## Handwritten Digit Classfication using Convolutional Neural Network

## TASK 1

In this lab we are going to look at an example of classifying handwritten digits using BigDL. We will introduce the convolution operation and gain familiarity with the different parameters in CNNs. 


Goal: 

Our goal is to train a classifier that will identify the digits in the MNIST dataset.

Approach:

There are 5 stages: Data reading, Data preprocessing, Creating a model, Learning the model parameters and Evaluating (a.k.a. testing/prediction) the model.


## STEP 1

In [None]:
!(export sv=2.1 bv=0.3.0 ; cd ~/data/libs/ && wget https://repo1.maven.org/maven2/com/intel/analytics/bigdl/bigdl-SPARK_${sv}/${bv}/bigdl-SPARK_${sv}-${bv}-jar-with-dependencies.jar)

## STEP 2

In [None]:
!pip install bigdl==0.3.0 | cat

We are going to import the packages needed 

In [None]:
import matplotlib
matplotlib.use('Agg')
%pylab inline

import pandas
import datetime as dt

from bigdl.nn.layer import *
from bigdl.nn.criterion import *
from bigdl.optim.optimizer import *
from bigdl.util.common import *
from bigdl.dataset.transformer import *
from bigdl.dataset import mnist
#from utils import get_mnist
from matplotlib.pyplot import imshow
import matplotlib.pyplot as plt
from pyspark import SparkContext



## CNN Model Creation

CNN is a feedforward network made up of bunch of layers in such a way that the output of one layer becomes the input to the next layer (similar to MLP).
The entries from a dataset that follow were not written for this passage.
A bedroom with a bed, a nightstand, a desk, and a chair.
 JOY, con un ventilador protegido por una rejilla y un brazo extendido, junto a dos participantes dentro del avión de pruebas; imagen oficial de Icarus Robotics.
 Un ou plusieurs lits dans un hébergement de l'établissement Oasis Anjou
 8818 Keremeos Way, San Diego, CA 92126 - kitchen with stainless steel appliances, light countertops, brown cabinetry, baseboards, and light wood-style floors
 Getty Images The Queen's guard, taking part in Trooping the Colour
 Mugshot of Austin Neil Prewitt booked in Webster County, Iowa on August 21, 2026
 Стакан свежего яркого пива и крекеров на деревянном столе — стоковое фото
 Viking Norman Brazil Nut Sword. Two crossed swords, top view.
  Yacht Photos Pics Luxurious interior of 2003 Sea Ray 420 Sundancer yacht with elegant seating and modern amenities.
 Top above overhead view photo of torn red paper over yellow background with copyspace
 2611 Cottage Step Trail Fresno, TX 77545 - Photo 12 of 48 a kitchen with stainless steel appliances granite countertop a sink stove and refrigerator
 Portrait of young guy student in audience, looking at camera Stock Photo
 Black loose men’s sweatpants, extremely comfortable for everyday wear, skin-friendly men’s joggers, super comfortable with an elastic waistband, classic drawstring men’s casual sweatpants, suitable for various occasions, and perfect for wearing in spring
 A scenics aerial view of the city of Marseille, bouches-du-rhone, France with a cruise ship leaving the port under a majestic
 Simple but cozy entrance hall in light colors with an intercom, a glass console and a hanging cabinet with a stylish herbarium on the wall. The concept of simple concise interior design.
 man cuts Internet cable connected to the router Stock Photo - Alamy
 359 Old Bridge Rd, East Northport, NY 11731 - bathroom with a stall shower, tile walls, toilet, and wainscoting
In MLP, all possible pairs of input pixels are connected to the output nodes with each pair having a weight, thus leading to a combinatorial explosion of parameters to be learnt and also increasing the possibility of overfitting (details). Convolution layers take advantage of the spatial arrangement of the pixels and learn multiple filters that significantly reduce the amount of parameters in the network (details). The size of the filter is a parameter of the convolution layer.

In [None]:
# Create a LeNet-5 model
#The 1st convolutional layer takes Input = 28x28x1 ; Output = 24x24x6
#Math = 6 unique (28-5+1),(28-5+1) ==>24x24x6
#The 1st pooling takes Input = 24x24x6; Output = 12x12x6
#Math = For a stride of 2,2 (24,24) = output ==>(12x12)
#The 2nd convolution layer takes Input = 12x12x6 ; Output = 8x8x12
#Math = 12 unique (12-5+1),(12-5+1) ==> 8x8x12
#The 2nd pooling takes Input = 8x8x12; Output = 4x4x12
#Math = For a stride (2,2) (8,8) = outputs ==>(4x4)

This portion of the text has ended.